== Segment start ==
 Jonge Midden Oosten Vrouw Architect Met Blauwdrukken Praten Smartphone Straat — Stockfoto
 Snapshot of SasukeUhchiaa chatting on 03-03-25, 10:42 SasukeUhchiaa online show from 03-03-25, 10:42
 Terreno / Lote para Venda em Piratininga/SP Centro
== Segment end ==
== Segment start ==
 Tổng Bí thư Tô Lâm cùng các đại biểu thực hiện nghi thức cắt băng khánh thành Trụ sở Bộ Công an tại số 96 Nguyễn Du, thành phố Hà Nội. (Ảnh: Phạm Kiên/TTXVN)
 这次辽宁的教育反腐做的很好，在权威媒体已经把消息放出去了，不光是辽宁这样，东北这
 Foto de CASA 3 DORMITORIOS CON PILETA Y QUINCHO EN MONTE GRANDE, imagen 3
== Segment end ==
Using the entries above, give again exactly the lines from the line holding "Jonge Midden Oosten" through the line holding "Terreno / Lote". Include both end lines and nothing else.

# [Response area]
 Jonge Midden Oosten Vrouw Architect Met Blauwdrukken Praten Smartphone Straat — Stockfoto
 Snapshot of SasukeUhchiaa chatting on 03-03-25, 10:42 SasukeUhchiaa online show from 03-03-25, 10:42
 Terreno / Lote para Venda em Piratininga/SP Centro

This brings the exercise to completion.